One of the main theses of this project is that our science and philosophy shape our world view, which in turn shapes our culture, politics, economy, psychology etc., but that all these domains of life are in reality non-separable, so that all of them are mutually shaping each other in all directions. This is holism, as a view of reality as a whole in which all parts, whether experiential or abstracted, are continuously co-creative, co-dependent and both mutually adapting and shaping. That they are separable is a rationalist assumption that while fruitful for the sciences individually is detrimental for life at large. And thinking in terms of systems, life, complexity, integral frameworks and so on cannot «solve» this, only attempt to improve upon it. The whole resists any framing. And this must be the nature of the science of the future: holistically informed improvements on the particularist paradigm, because there is no such thing as a proper holistic science, as the wholes of reality are irreducible to the epistemic without loss of the very aspects that make them wholes.
Holism is the structure of structure - the meta-framework in which the plurality of structures takes place. In order for holism to cohere with the plurality of world views we need to think of the structure as evolutionary. The web is continuously evolving. On holism as evolutionary, structures co-evolve: they mutually adapt to and change each other. Structures must here be understood in the broadest sense: structures of order, life, discourse. It is senseless to speak about the primacy or priority of one structure over another, because they have both evolved from the same antecedents. The primary criterion is coherence. Experience is given, it is what is primary, and we construct an epistemic, a web of structures, that coheres with and explains the experience we find ourselves with. In such a way both the world and our representations of it co-evolve. And in such a way, teleology is inevitable. Any theory requires interpretation, but there can be no interpretation except by connection to the whole. It is impossible to articulate a coherent view of reality without reference to experience, and us as experiencers, and that the epistemic answers to this as a final end. But it is of course not a choice between purely causal explanation or purely teleological explanation, we need both.
Experience and Reality
Between their acts and their ceremonies lies the world and in this world the storms blow and the trees twist in the wind and all the animals that God has made go to and fro yet this world men do not see. They see the acts of their own hands or they see that which they name and call out to one another but the world between is invisible to them… You cannot touch the world. You cannot hold it in your hand for it is made of breath only.
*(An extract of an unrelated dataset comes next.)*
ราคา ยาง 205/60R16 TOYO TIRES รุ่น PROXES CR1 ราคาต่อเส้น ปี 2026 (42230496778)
Cormac McCarthy - The Crossing
The world is made of breath only. Crucially, breath is not a collection of molecules expelled from your lungs. The collection of molecules expelled from your lungs is a model of breath. Breath is experiential. The critique of realism, materialism and reductionism, a conglomerate of views I have wrapped up in the term particularism, can be traced centuries back. We have seen some reasons for this in Philosophy for our Future and The Plurality of Experience. In the latter I also attempted to make plausible the primacy of the tension out of which we abstract polarities. What about the dichotomy between the epistemic and the ontic that I am seemingly fond of? The ontic is the tension, and the epistemic is all that we abstract out of it.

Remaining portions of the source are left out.